James Bettner Brooke (born February 21, 1955, in New York City) is an American journalist who currently serves as editor in chief of the Ukraine Business News, an English-language subscription news site based in Kyiv, Ukraine. Previously, he was editor in chief of the English-language Khmer Times newspaper, in Cambodia. From 2010 to 2014, he was the Russia/former Soviet Union Bureau Chief for Voice of America, based in Moscow. For VOA, he wrote Russia Watch, a weekly blog. Previously, he worked as Moscow Bureau Chief for Bloomberg. Before Bloomberg, he reported for 24 years for The New York Times, largely overseas in countries such as Japan, South Korea, Ivory Coast and Brazil.

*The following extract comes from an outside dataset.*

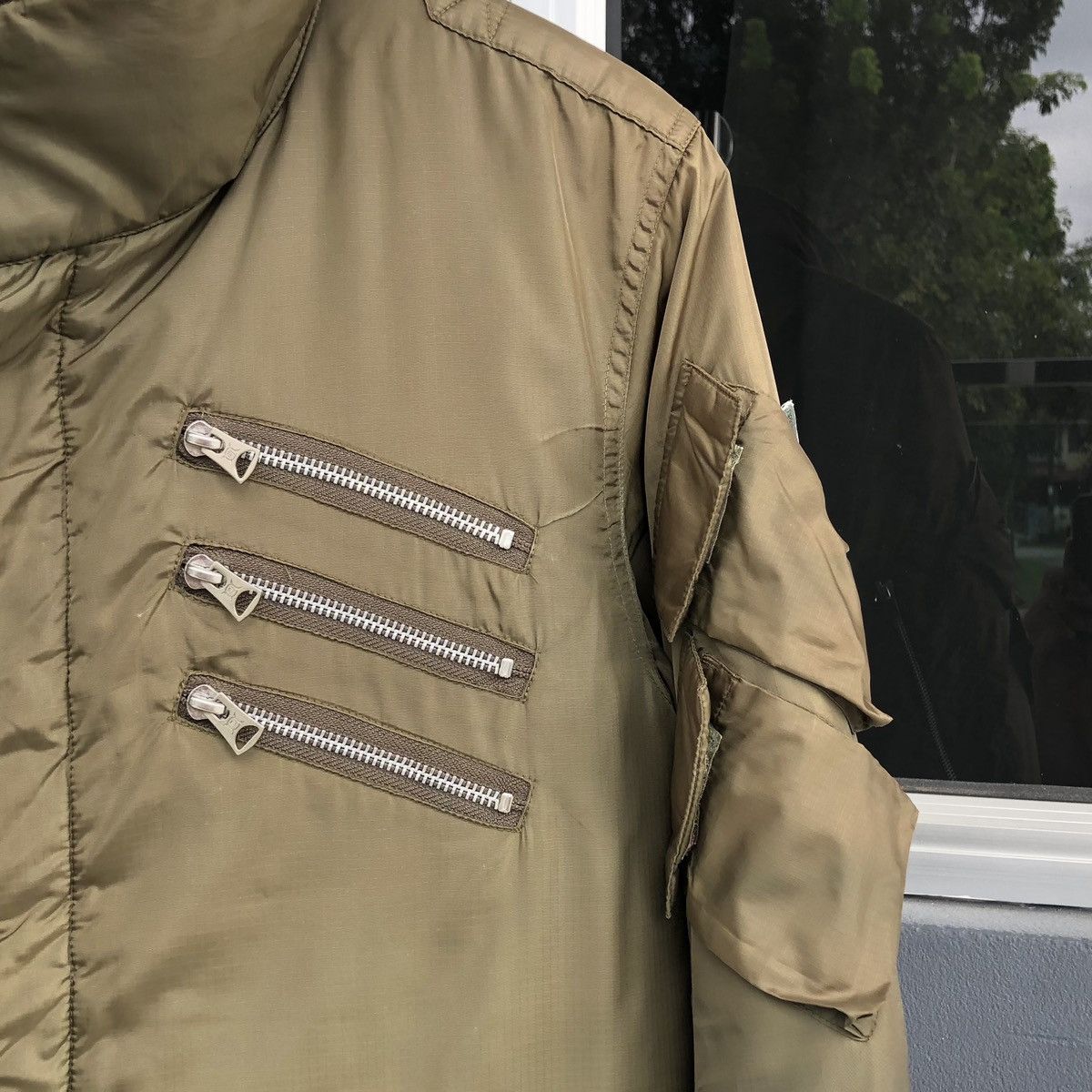 Neighborhood Vintage 02 Neighborhood Multi Zipper Military Quilted Jacket Size US S / EU 44-46 / 1 - 4 Thumbnail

Posts held by Brooke at The New York Times have included:
 assistant to James Reston, Washington columnist, 1978–80
 metropolitan reporter, 1984–86
 bureau chief, Abidjan, Ivory Coast, December 1986-January 1989
 bureau chief, Rio de Janeiro, Brazil, February 1989-July 1995
 Rocky Mountain bureau chief, Denver, Colorado, August 1995 – 1999
 bureau chief, Canada, August 1999- 2001
 East Asia correspondent (Japan, South Korea, North Korea) based in Tokyo, August 2001-June 2006

Brooke graduated from Yale University with a BA in Latin American studies and was a stringer for United Press International as a student. In 1976, he spent a semester at Pontificia Universidade Catolica in Rio de Janeiro.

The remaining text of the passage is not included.